🤖 AI Summary
Existing diffusion models typically employ pointwise reconstruction losses that are insensitive to signal spectra and multiscale structures, often yielding samples with imbalanced frequency content and insufficient structural detail. To address this limitation, this work proposes a lightweight, plug-and-play spectral regularization framework that introduces differentiable Fourier- and wavelet-domain losses as soft inductive biases during standard training. The approach requires no modifications to the diffusion process, model architecture, or sampling procedure, and is compatible with mainstream paradigms such as DDPM, DDIM, and EDM. Evaluated on high-resolution unconditional generation tasks for both images and audio, the method consistently enhances sample quality—particularly in terms of spectral fidelity and multiscale coherence—while incurring negligible computational overhead.
📝 Abstract
Diffusion models are typically trained using pointwise reconstruction objectives that are agnostic to the spectral and multi-scale structure of natural signals.
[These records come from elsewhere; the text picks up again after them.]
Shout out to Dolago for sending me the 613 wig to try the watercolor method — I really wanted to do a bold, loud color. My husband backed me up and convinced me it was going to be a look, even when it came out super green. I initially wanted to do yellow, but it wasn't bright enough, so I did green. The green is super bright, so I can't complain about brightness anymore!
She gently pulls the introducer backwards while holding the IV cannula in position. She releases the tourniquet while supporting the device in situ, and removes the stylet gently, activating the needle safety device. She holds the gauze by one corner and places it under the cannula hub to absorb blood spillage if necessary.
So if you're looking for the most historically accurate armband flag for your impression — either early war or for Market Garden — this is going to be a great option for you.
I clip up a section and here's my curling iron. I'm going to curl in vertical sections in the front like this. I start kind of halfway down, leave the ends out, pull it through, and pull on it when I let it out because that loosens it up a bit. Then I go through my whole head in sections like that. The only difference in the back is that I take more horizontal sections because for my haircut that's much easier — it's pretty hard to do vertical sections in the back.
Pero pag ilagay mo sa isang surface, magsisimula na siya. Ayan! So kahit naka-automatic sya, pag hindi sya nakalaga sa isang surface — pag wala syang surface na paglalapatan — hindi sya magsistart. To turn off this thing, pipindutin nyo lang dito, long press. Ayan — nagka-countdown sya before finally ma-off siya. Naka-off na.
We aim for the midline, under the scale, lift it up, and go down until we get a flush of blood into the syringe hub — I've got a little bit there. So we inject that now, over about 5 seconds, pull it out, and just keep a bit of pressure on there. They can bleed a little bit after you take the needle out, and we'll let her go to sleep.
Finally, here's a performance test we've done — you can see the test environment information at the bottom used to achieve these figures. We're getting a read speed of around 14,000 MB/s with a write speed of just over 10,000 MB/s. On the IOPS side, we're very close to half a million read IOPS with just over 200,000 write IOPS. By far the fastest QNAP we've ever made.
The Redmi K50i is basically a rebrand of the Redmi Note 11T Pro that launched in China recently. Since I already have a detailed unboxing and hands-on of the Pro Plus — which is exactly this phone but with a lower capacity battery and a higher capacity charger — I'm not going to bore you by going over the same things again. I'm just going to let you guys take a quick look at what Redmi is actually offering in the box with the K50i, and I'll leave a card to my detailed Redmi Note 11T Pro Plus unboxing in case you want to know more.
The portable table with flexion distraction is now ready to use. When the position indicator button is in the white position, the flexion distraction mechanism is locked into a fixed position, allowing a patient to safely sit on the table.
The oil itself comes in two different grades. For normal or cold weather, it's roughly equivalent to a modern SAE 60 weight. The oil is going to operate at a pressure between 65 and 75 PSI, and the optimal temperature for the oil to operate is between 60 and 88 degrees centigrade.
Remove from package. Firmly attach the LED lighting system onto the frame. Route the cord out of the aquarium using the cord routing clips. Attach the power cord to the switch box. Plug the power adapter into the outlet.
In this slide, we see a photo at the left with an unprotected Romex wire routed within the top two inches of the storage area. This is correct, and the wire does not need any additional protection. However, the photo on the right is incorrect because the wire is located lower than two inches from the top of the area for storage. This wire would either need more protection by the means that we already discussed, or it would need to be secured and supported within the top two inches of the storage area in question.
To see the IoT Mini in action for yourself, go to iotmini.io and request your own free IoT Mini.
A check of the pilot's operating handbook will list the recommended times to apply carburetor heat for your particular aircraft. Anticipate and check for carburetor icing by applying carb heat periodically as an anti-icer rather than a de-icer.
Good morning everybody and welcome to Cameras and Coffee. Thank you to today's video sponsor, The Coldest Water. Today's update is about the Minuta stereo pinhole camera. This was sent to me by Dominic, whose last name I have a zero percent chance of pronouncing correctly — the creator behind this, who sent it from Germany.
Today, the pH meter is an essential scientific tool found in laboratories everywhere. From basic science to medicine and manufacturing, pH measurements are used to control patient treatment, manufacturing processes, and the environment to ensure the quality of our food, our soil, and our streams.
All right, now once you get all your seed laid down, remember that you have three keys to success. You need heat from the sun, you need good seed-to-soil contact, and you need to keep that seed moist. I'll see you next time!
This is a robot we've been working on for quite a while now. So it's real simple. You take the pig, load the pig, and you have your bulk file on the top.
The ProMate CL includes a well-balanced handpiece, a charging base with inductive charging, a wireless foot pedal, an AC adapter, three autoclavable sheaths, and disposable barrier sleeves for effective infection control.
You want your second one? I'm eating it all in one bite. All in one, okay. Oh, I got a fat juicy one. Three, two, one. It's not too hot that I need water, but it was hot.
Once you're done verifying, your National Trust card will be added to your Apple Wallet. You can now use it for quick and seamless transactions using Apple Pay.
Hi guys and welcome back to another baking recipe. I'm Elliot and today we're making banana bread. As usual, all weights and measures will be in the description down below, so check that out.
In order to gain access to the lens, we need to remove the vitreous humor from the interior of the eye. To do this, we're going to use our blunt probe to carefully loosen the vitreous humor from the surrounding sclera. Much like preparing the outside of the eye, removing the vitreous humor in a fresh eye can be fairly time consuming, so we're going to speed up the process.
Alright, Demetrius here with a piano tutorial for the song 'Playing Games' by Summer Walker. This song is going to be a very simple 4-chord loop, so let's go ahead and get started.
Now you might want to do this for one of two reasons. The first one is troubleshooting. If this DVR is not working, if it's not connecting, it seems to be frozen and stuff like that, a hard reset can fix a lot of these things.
We propose a loss-level spectral regularization framework that augments standard diffusion training with differentiable Fourier- and wavelet-domain losses, without modifying the diffusion process, model architecture, or sampling procedure. The proposed regularizers act as soft inductive biases that encourage appropriate frequency balance and coherent multi-scale structure in generated samples. Our approach is compatible with DDPM, DDIM, and EDM formulations and introduces negligible computational overhead. Experiments on image and audio generation demonstrate consistent improvements in sample quality, with the largest gains observed on higher-resolution, unconditional datasets where fine-scale structure is most challenging to model.